Pratema Patil took her children because she wanted them to experience a historic moment.

"It's a way of showing them that things can get better cities can grow, voting matters, civic engagement matters, and there is a place for everyone, and everyone belongs," she said.

Her son, Shahan Patil Dutta, said he saw himself in the statue.

"Some of the other monuments in parks don't represent people of color so much, but this one does, so I can see myself in one of the monuments," he said.

The monument commemorating the love between civil rights icons Rev. Dr. Martin Luther King Jr. and Coretta Scott King was unveiled Friday.
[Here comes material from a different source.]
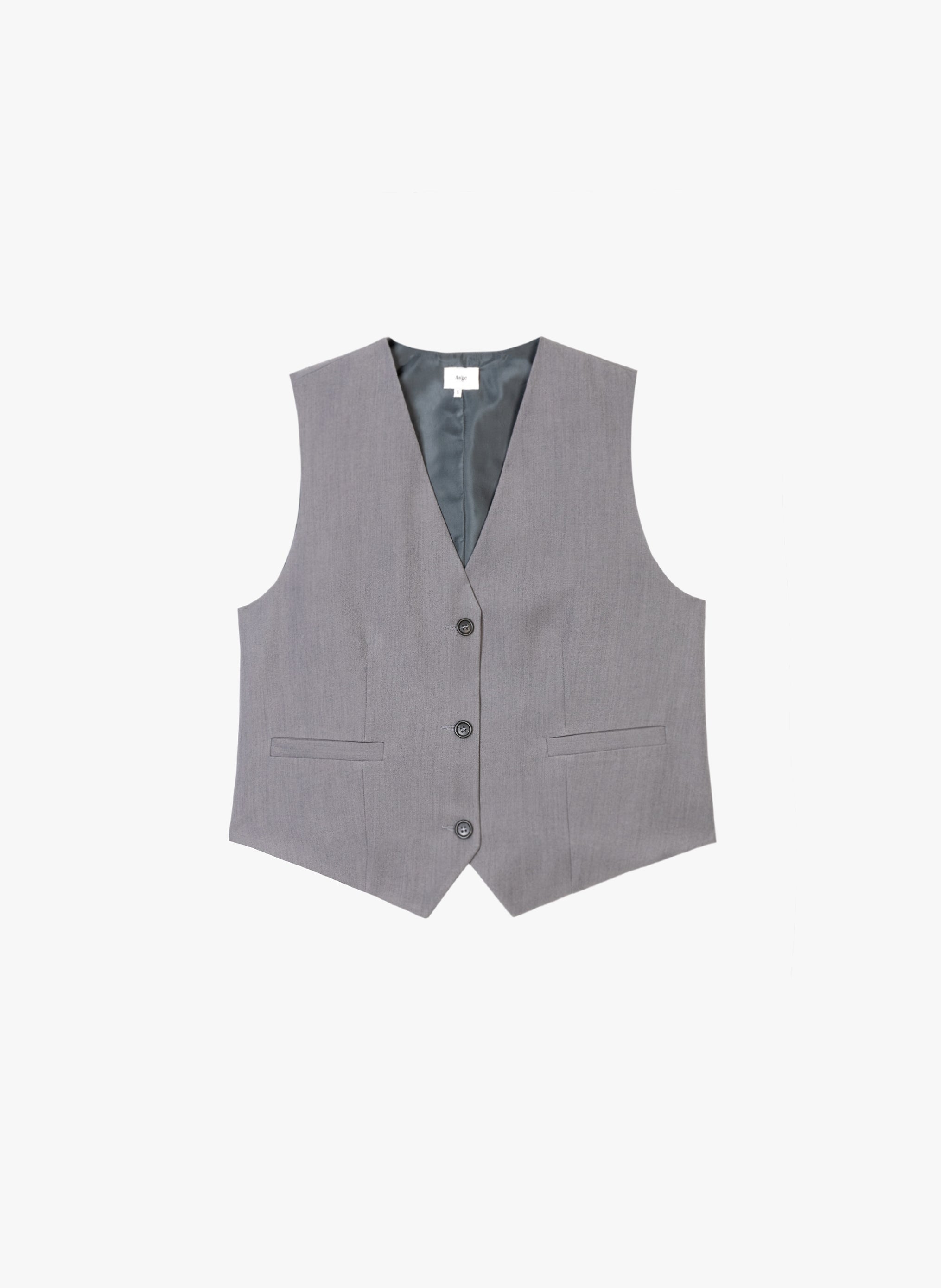 KIMOLO JACKET anthracite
Dr. Molefi Kete Asante is a professor of African American studies at Temple University. He and his wife traveled from Philadelphia to attend.

"Looking at the diversity of people who have come out here, and also just watching the fact that this celebration makes people happy, it shows me that there is an optimistic strand in the American society that we ought to not only celebrate, but we ought to encourage," said Asante.
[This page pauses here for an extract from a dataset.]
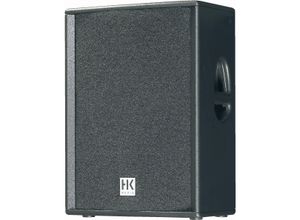 HK Audio…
Martin Luther King III, his wife Arndrea Waters King and their daughter Yolanda King spoke at Friday's unveiling of "The Embrace," a memorial honoring the legacy of Martin Luther King Jr. and Coretta Scott King.

"When I saw the unveiling of this statue, it was joy, happiness, some sadness as well as disappointment, because it reminded of how far we've come as a country and how far we need to go," said Ed Scheinbart of Watertown. "The progress we've made has been incredible, but this statue will bring home, I hope, to everyone who comes here from near and far, that we must embrace love and we must embrace humanity and see the goodness and the kindness in people."

Kenann McKenzie-DeFranza, president of the North Shore branch of the NAACP, said the event brought unity.

"I think we've been so polarized and to have an event in the city, the idea of embracing is really just a spiritual lesson for all of us," McKenzie-DeFranza said. "I also like the idea of embracing those we don't agree with sometimes, and this moment in our history, I think it's really critical that we rethink that position and embrace that idea."

NBC10 Boston's Latoyia Edwards was so impressed by Yolanda King's speech at Friday's unveiling of 'The Embrace' that she called her back up on the stage for an impromptu interview.

"He was a marvelous man, he did so much for the world -- not just African Americans, he was a man of peace and we need to honor him," said Nacie Graves.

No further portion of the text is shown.